After three months of trying unsuccessfully to settle the case, the family of tax attorney Paul Horowitz filed suit last week seeking $50,000 in damages in connection with the April 28 funeral in Arlington Heights, Illinois.

The complaint alleges that the Shalom Memorial Funeral Home was negligent during the burial, resulting in the desecration of the body, which caused the family mental suffering and anguish.

A representative of the funeral home told JTA, “We have no comment at this time.”

A family friend and the plaintiff’s attorney, Henry Gruss, said the deceased’s widow and children suffered post-traumatic stress superimposed on bereavement.

“It was too horrific for words,” wrote Ronnie Horowitz, the deceased’s widow, in a statement to the media.
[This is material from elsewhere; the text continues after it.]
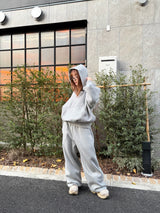 檢查背面標誌運動褲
She described the family of the 66-year-old Horowitz as “devastated.”

The complaint alleges that as the casket was lowered into the ground, it came unloose from its doweled moorings and plummeted suddenly and unexpectedly into the grave, “causing the top of the casket to be dislodged and in an improper position in the grave.” The shroud was visible from the thigh down.

Mourners screamed, shouted and cried at the gravesite, and some fled to their cars, according to the complaint.

The rabbi and the director of another funeral jumped into the grave to piece the casket together and right it, according to a family friend, retired Judge Jerry Orbach. After 40 minutes or more, the graveside service proceeded.

“This is a dereliction of responsibility on the part of the cemetery,” Gruss said.

Orbach called it “a dishonor to the deceased.”

Rabbi Elchonon Zohn, director of the National Association of Chevra Kadisha – a coalition of Jewish burial societies — said it is not uncommon for a casket lid to shift during funerals in the New York area where plots are smaller and the grave diggers can’t always allow for adequate room or a smooth ground surface.

But in Illinois, burial vaults are mandatory and, in accordance with Jewish tradition, bottomless, so the casket rests on the earth.

“The body was in a disrespected state. It was a serious breach of respect,” Zohn said. “The cemetery was not helpful, and it should have been dealt with if what the family claims is true.”